If you’re a stakeholder in this community, it might interest you to know how these sabbaticals benefit The School of Business. I asked that question in my survey and learned the following: half of the respondents expect a publishable paper in a peer-reviewed journal (our gold standard) from the experience. A third anticipate a paper in a publication not under peer review, such as a book, book chapter or conference paper. Most respondents (83%) feel their sabbatical learning will translate directly to new lectures, course material or teaching and learning benefits. One respondent will offer a new international course to our students as a result of her sabbatical. I have started to use what I’ve learned in some of the courses I teach, and am working on a paper for publication on equanimity and business ethics. A paper I’ve written from this experience was just accepted to a conference panel proposal on “skills required for a volatile future” to a conference at MIT in June.

Most survey respondents also mentioned that the restorative nature of pursuing professional and personal knowledge enables them to build substantial capacity, which they can leverage upon their return. I have personally found this to be very true.  Some may have encountered the classic systems thinking article from Repenning and Sterman which I use in my Organizational Management course in The Portland MBA program. The authors’ position is that any organization must focus both on hard work and capability building. Sabbaticals offer a rare opportunity to build our capacity as scholars and teachers.

Enders and her husband with the Dalai Lama.

During the India leg of our travels, we had the honor of meeting with His Holiness the Dalai Lama. He shared with us his deep concern for the level of stress Americans experience. He knew I was a professor at Portland State University and he told me, “Please do what you can to reduce the stress of your students and colleagues.” I do not take that instruction lightly. We Westerners must learn that working harder at an ever-increasing pace is neither sustainable nor ultimately very productive in the long term.  You must build capacity first in order to execute at higher levels of performance.

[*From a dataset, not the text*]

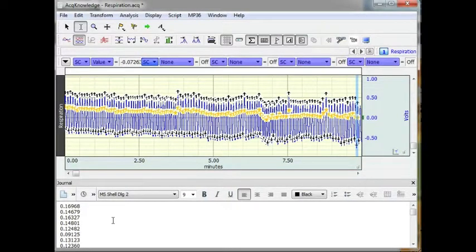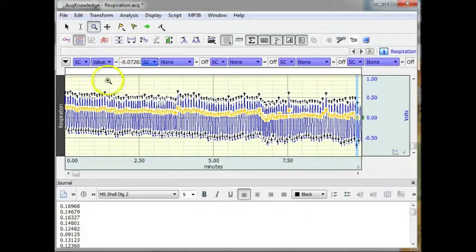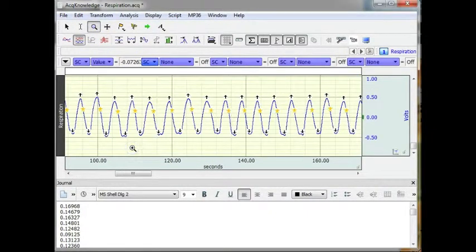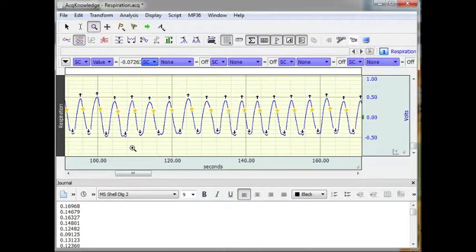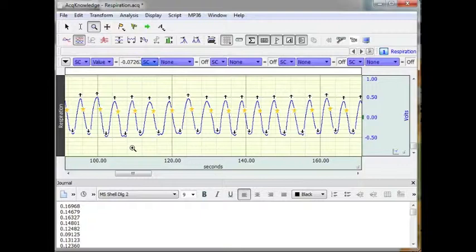So this gives you a quick demonstration of how the software or the fine cycle peak detector can identify specific events within the waveform and place an event marker that can be used for further analysis. And that concludes this part of our demonstration.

This sabbatical offered capability building in such a way that I feel I can be more useful, more intentional and live much more authentically into my purpose and value here in the School of Business. I wish you that same opportunity for slowing down, growing and returning to your purpose.

Jeanne Enders

Jeanne Enders, PhD is a Social and Organizational Psychologist instructor in the School of Business at Portland State. She studied psychology and German literature as an undergraduate and completed her graduate degrees at the University of Chicago.  At Portland State, Enders has served as a faculty member, associate dean of undergraduate programs, and executive director of the School of Business online initiatives.